Conférence de presse du Président de l’Assemblée générale sur le déroulement du débat général, tenu du 23 au 29 septembre 2009

02/10/2009
Communiqué de presse
Conférence de presse
Département de l’information • Service des informations et des accréditations • New York

CONFÉRENCE DE PRESSE DU PRÉSIDENT DE L’ASSEMBLÉE GÉNÉRALE SUR LE DÉROULEMENT DU DÉBAT GÉNÉRAL, TENU DU 23 AU 29 SEPTEMBRE 2009

Le Président de l’Assemblée générale s’est félicité aujourd’hui, au cours d’une conférence de presse tenue au Siège de l’ONU à New York, de la « nature constructive » du débat général qui s’est tenu du 23 au 29 septembre, inaugurant ainsi, comme c’est le cas chaque année, une nouvelle session.

« Le monde s’intéresse réellement à l’Assemblée générale et à l’ONU », a déclaré M. Ali Abdussalam Treki, de la Libye, qui a rappelé que les délégations avaient abordé de nombreux sujets, notamment la réforme de l’ONU, les changements climatiques, la crise financière et les droits de l’homme. 

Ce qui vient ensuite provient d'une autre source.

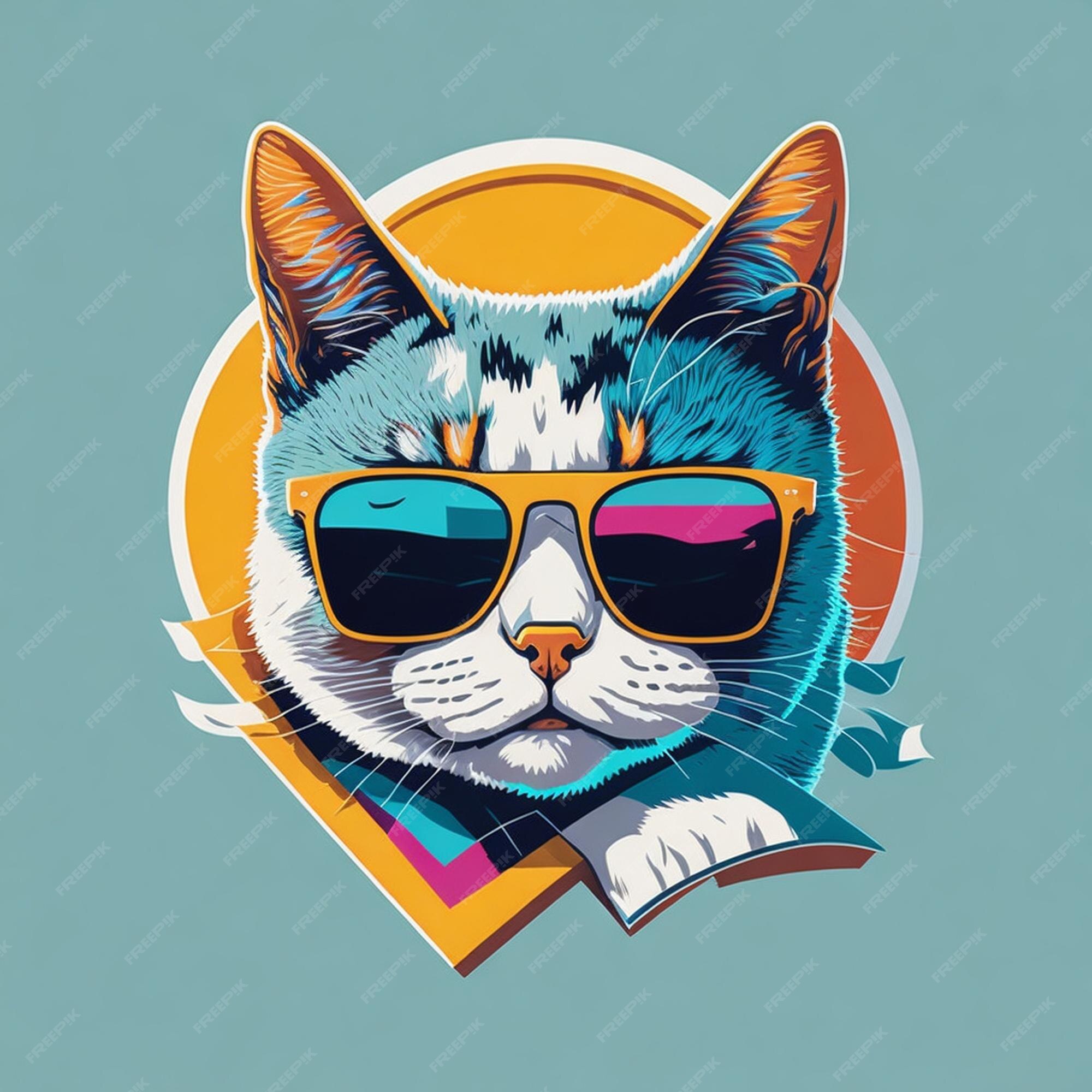 Design PNG E SVG De Desenho Animado Lúdico De Gato Preto Para Camisetas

Il a également relevé que de nombreux États Membres, à l’instar de l’Iran, souhaitaient qu’à l’avenir le Secrétaire général puisse être élu par l’Assemblée générale, et non pas par le Conseil de sécurité. 

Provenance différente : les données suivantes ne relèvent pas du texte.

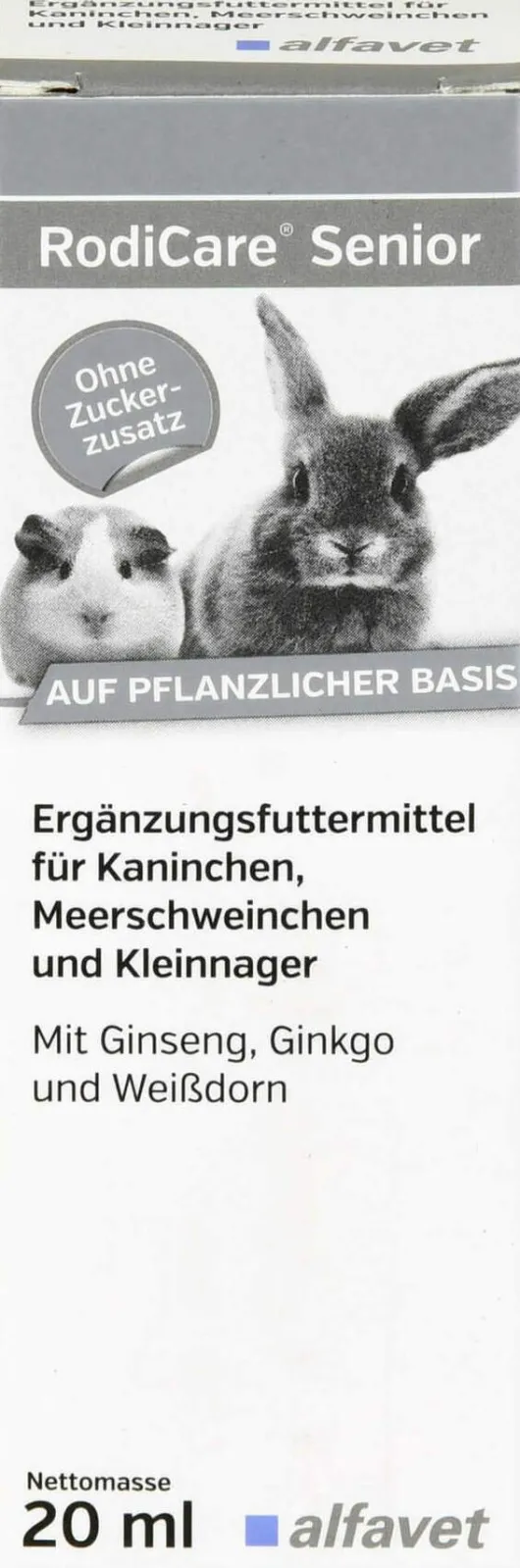 Rodicare Senior Flü.F.Kanin.,kleinnager,meersch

M. Treki a salué la « convivialité » des interventions, relevant que très peu de délégations avaient demandé d’exercer leur droit de réponse, au cours du débat général.  Il a refusé de dire si oui ou non, le très long discours de son Président, Muammar Al-Qadhafi, avait détourné l’attention des questions soulevées lors du débat général.

À l’exception de l’Arabie saoudite et de Madagascar, tous les États Membres de l’ONU ont fait des déclarations lors de cet évènement annuel qui a vu la participation de 75 chefs d’État et de 33 chefs de gouvernement. 

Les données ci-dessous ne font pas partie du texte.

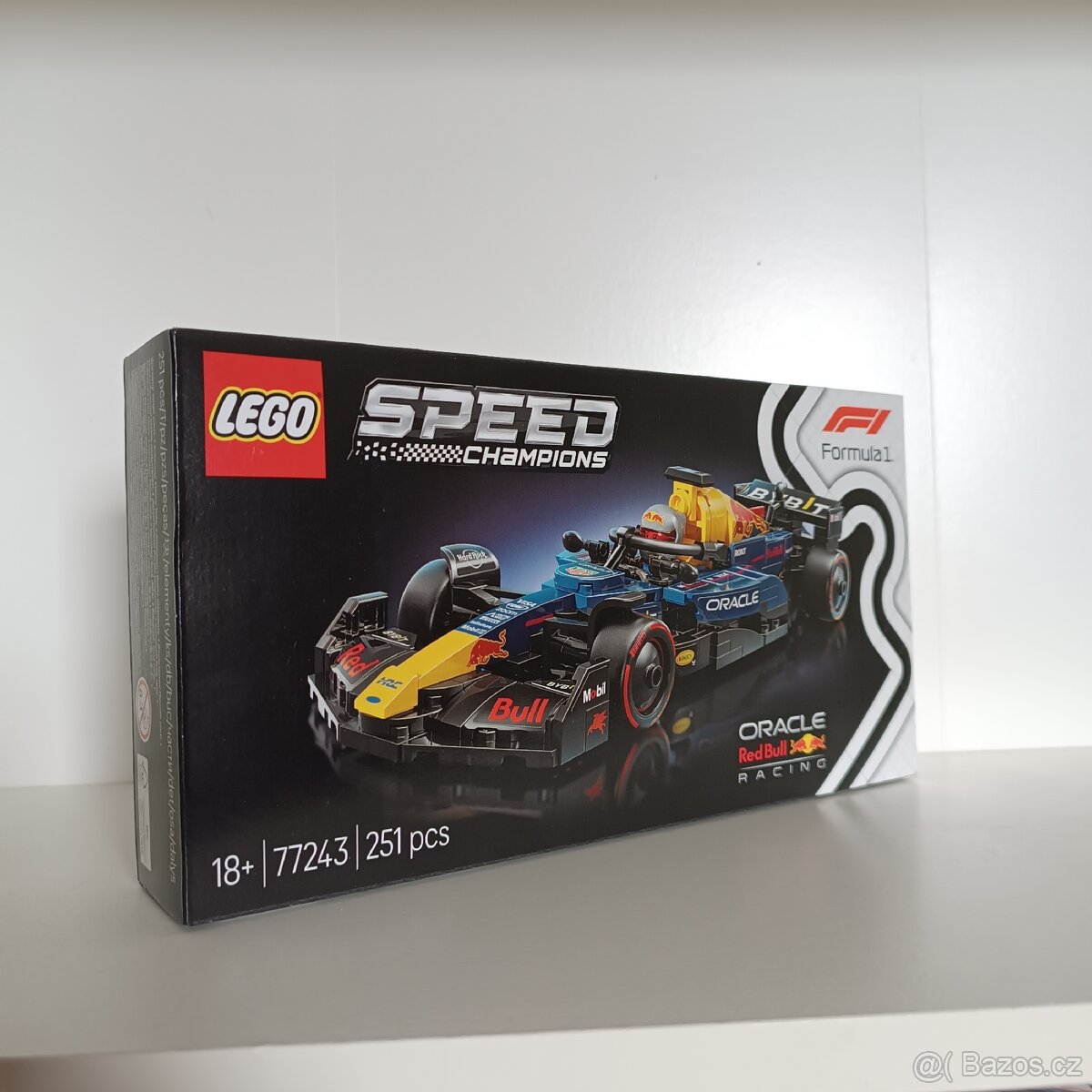 LEGO Speed Champions 77243 Oracle Red Bull racing F1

Le Président de la Haute Autorité de la Transition de Madagascar s’est en effet vu imposer un déni de parole à l’issue d’un vote favorable à la motion d’ordre de la Communauté de développement de l’Afrique australe (SADC), qui était représentée par la République démocratique du Congo (RDC).

M. Treki a qualifié cette décision de « peu constructive », soulignant que seuls « 24 des 192 États Membres »* avaient participé au vote et que M. Andry Nirina Rajoelina était l’une de parties aux pourparlers sur Madagascar qui doivent se poursuivre prochainement à Maputo, au Mozambique. 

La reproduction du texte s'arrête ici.